There is a popular saying that what is old becomes new again, and that holds true for architectural styles. Once popular in the 1950s and 1970s, brutalism architecture is making a comeback. Characterized by functional reinforced concrete and steel, modular elements, and a utilitarian feel, brutalist architecture is usually associated with buildings such as schools, theaters, libraries, and social housing projects. In the aftermath of WWII there was a great need for construction, and brutalism emerged around the world.
What Is Brutalism?
Brutalist architecture is largely devoid of decorative elements, and emphasizes exposed concrete and reinforced steel. It comes from the French term “béton brut,” which means raw concrete. At the end of the 1970s, the style fell out of favor, with many thinking it cold and austere and associating it with totalitarianism. Raw concrete in construction also does not age well, and water damage and overall age brought down the aesthetic. The style came to symbolize urban decay.
Why is Brutalism Making a Comeback?
Fast forward to the last few years, and a new appreciation of brutalism has swung around. The style has rid itself from its past ideological associations, and people are once again appreciating the raw power of the style. A large part of this comeback is thanks to social media. For example, on Instagram, hundreds of thousands of users post pictures of the style, and actively participate in campaigns to protect brutalist structures at risk for demolition.

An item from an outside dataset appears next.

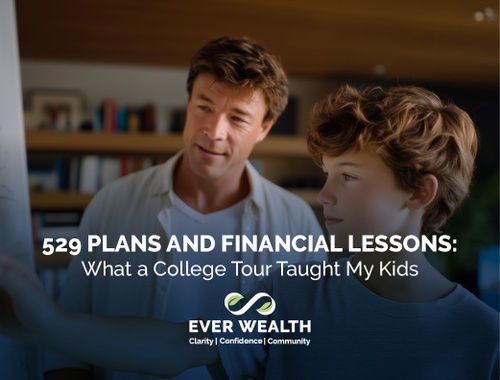 529 Plans and Financial Lessons: What a College Tour Taught My Kids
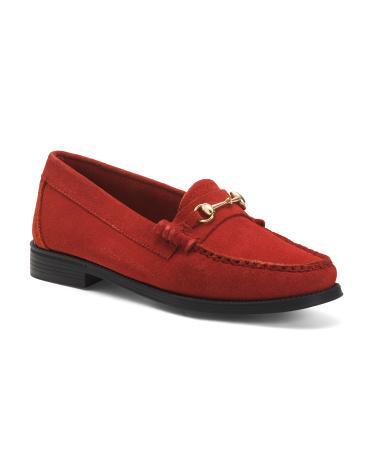 Leather Lianna Bit Weejun Loafers For Women Product Image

Imperfections in the concrete can add personality and character to minimalist spaces, giving an original feeling to any space. The geometric designs lend themselves well to creating a feel that is industrial and unique to any retail space. In fact, brutalist architecture is even making its way into residential dwellings. Celebrities such as Kanye West have embraced the style for their own homes, and many designers are experimenting with concrete applications for tables, chairs, accessories, and more.
Part of the charm of raw concrete is that it does not blend in easily. It’s simply “there,” and feels like a throwback to another time. While making its comeback, brutalism this time around is gentler, with concrete being used to add a certain ruggedness and texture to a design, giving a nod to the past and mixing with the modern designs of today.